I was invited this week to be part of a panel discussion in my synagogue on the topic of “What Does It Mean To Be A British Jew in 2018?”
Other members of the panel took the opportunity in their allocated five minutes to explore this theme from a variety of perspectives: one portrayed the Jewish community in the UK as “riddled by fear and anxiety”, assailed by “never-ending hostility”, and suffering the threat of diminishing numbers and a “crisis of meaning” in relation to their Jewish identity. Another panellist used the occasion to list the multiple challenges the community faced - internally, financially and externally – and culminated his observations with a denigration of any Jew who remained within the “anti-Semitic Labour party” led by that renowned “anti-Semite” Jeremy Corbyn. And so on.
I took a different approach to this question. What I said was the following:
“To me, being a British Jew in 2018 means that I’m concerned that in England and Wales on an average day there are 1400 sexual assaults on women; 25 hate crimes committed against gay and transgender people; 6 attacks on Muslims because of their religion; and between one and two reported incidents each day against Jews.

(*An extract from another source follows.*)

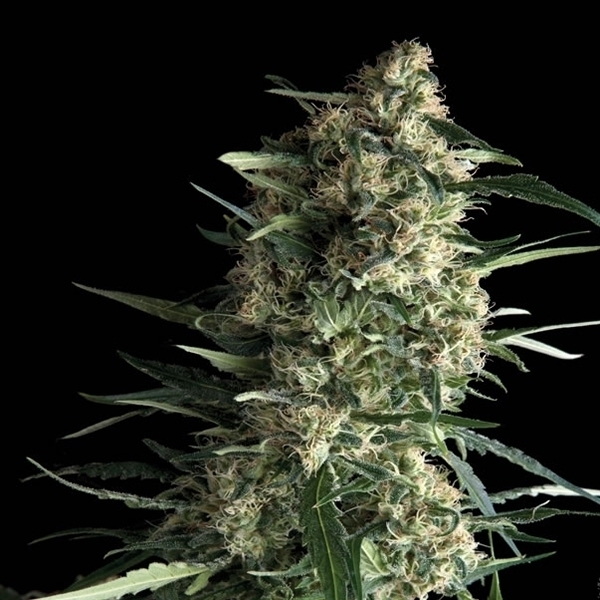 Auto Galaxy (Pyramid Seeds) Feminisoidut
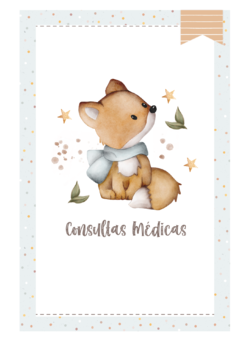 Imagem do Caderneta de Saúde e Vacinação Personalizada com Capa Dura - Raposinha Cute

It means I’m concerned about: the dire consequences of Brexit for the social fabric of this country; I’m concerned about the 4.1 million children in the UK already living in relative poverty – that’s 30% of all children in the country – as well as the 5000 people sleeping rough every night: I’m concerned about the impact of bad housing on health, and the growing inequality in this country which leads to multiple forms of deprivation; and as a British Jew I’m concerned about the fractured nature of the social contract in this country, and the generation who will probably never own their own homes.
To be a British Jew in 2018 means I’m concerned about melting ice caps; immigrants left to die at sea, and that the world’s worst famine in a hundred years is about to descend on Yemen – up to 10 million are at extreme risk.
It means I’m concerned that there are fascists in power in Hungary, there’s been a significant rise of the far-right in Germany and Italy and the Czech Republic and France; and there’s more and more evidence of the proto-fascist leanings of some members of the Knesset and the legislation they have enacted, including the victimisation of NGOs working for civil rights and social justice within Israel.
It means I’m concerned about the durability of modern democracy in Europe over the next decade, upon which all of us depend. This is what it means to me to be British Jew in 2018.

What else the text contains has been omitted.